What is being asked: Beginning at the line containing "Activewear Printed Maternity", repeat each line below exactly up to and including the line containing "For Xiaomi Smart". Do not repeat the pictures.

Recorded data:
%%

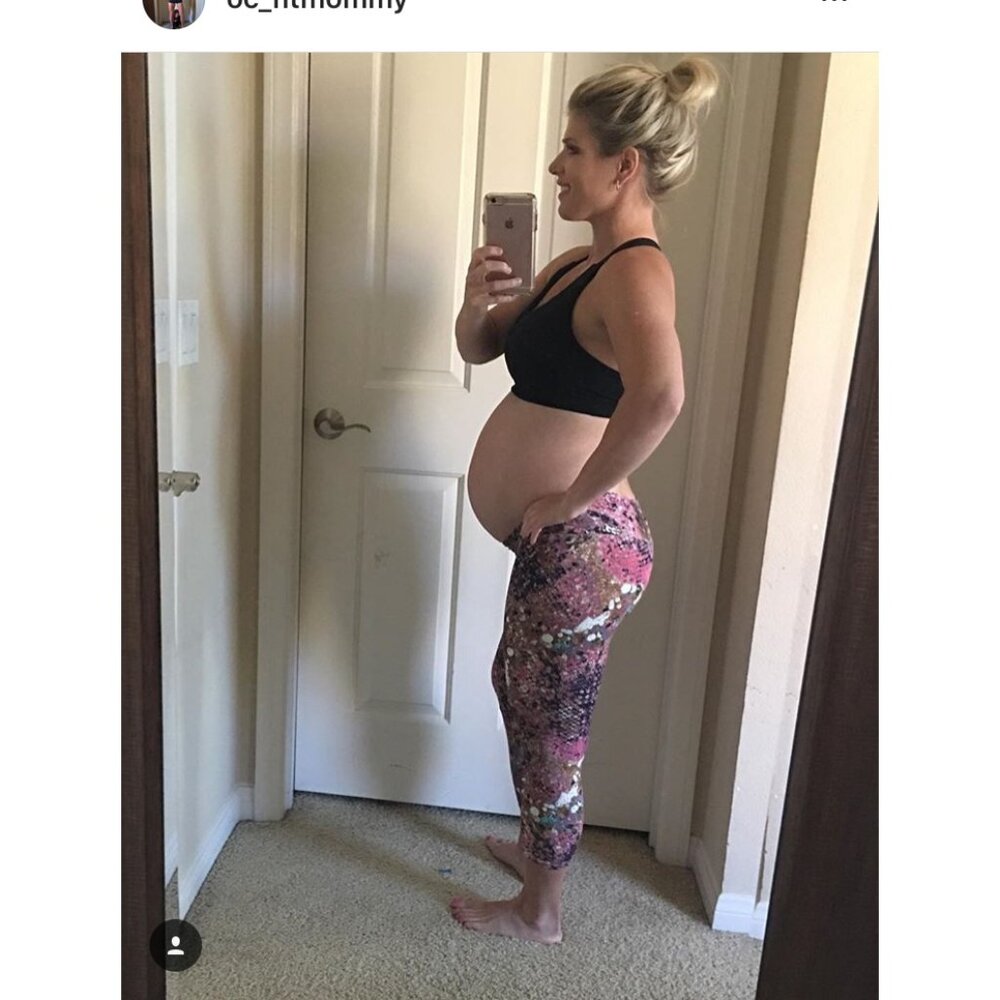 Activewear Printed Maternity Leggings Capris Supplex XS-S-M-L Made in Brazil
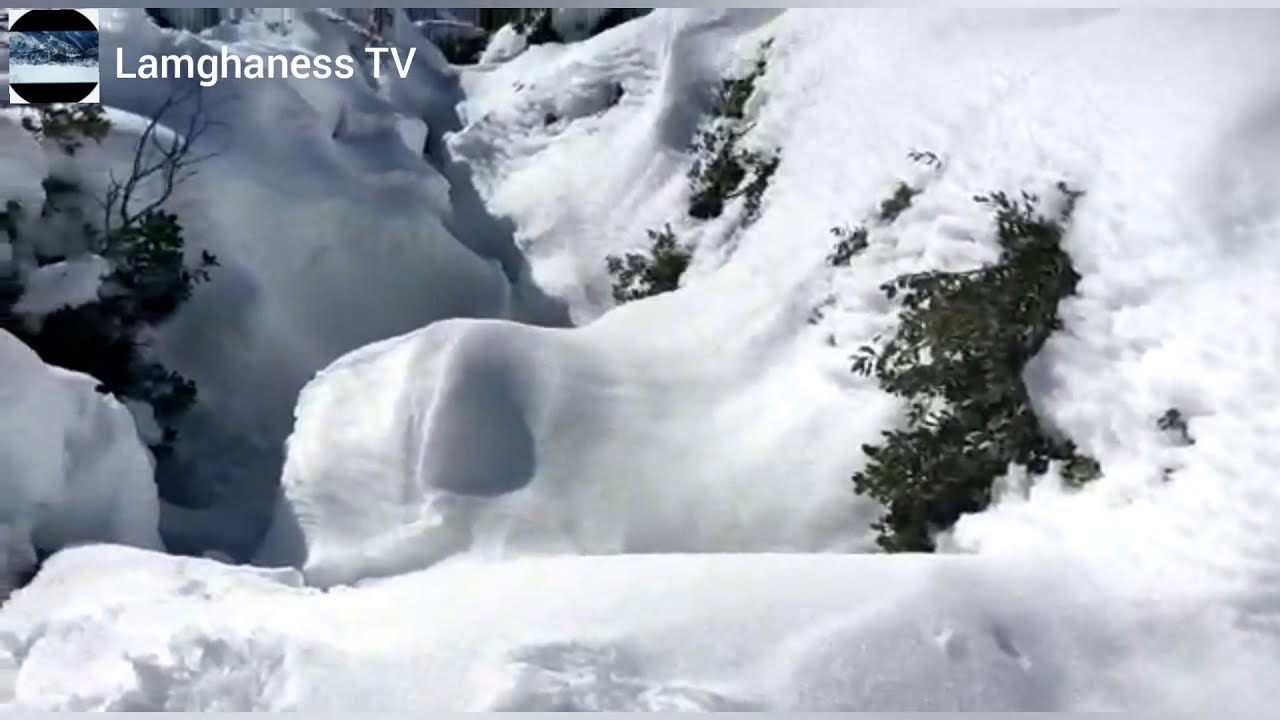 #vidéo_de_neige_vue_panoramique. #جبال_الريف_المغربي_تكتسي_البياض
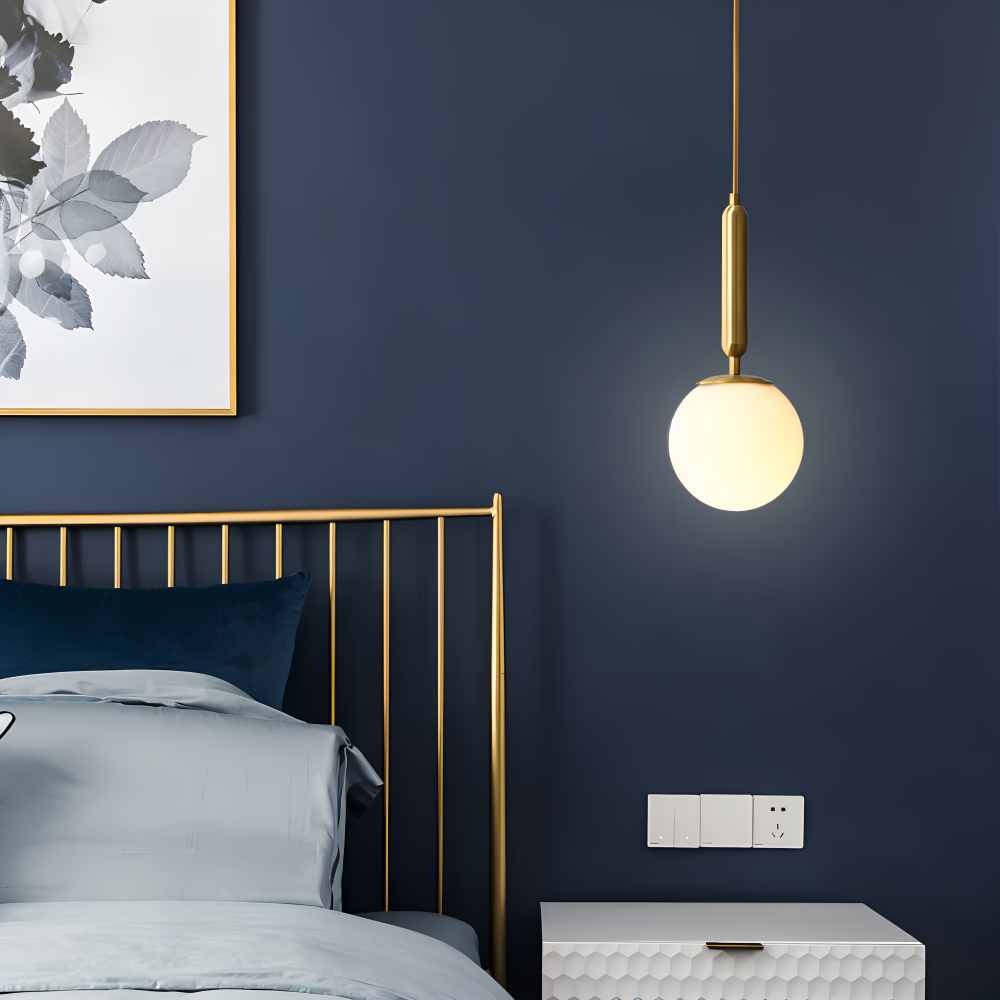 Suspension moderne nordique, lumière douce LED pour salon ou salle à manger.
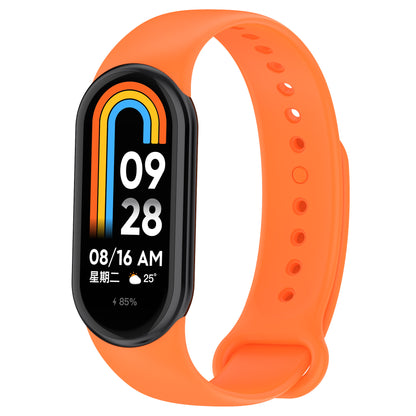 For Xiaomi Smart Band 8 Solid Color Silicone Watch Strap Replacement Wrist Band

%%
%%

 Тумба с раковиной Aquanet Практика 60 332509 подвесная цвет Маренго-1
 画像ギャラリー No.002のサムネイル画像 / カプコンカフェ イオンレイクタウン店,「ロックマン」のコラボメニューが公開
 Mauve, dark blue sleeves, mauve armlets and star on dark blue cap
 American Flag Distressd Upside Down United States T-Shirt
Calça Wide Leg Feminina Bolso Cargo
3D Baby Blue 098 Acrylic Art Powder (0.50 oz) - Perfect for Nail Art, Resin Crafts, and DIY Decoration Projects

%%
%%

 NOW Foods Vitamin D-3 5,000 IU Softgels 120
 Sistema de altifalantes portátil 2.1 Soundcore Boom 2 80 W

%%

Output of the exercise:
 Activewear Printed Maternity Leggings Capris Supplex XS-S-M-L Made in Brazil
 #vidéo_de_neige_vue_panoramique. #جبال_الريف_المغربي_تكتسي_البياض
 Suspension moderne nordique, lumière douce LED pour salon ou salle à manger.
 For Xiaomi Smart Band 8 Solid Color Silicone Watch Strap Replacement Wrist Band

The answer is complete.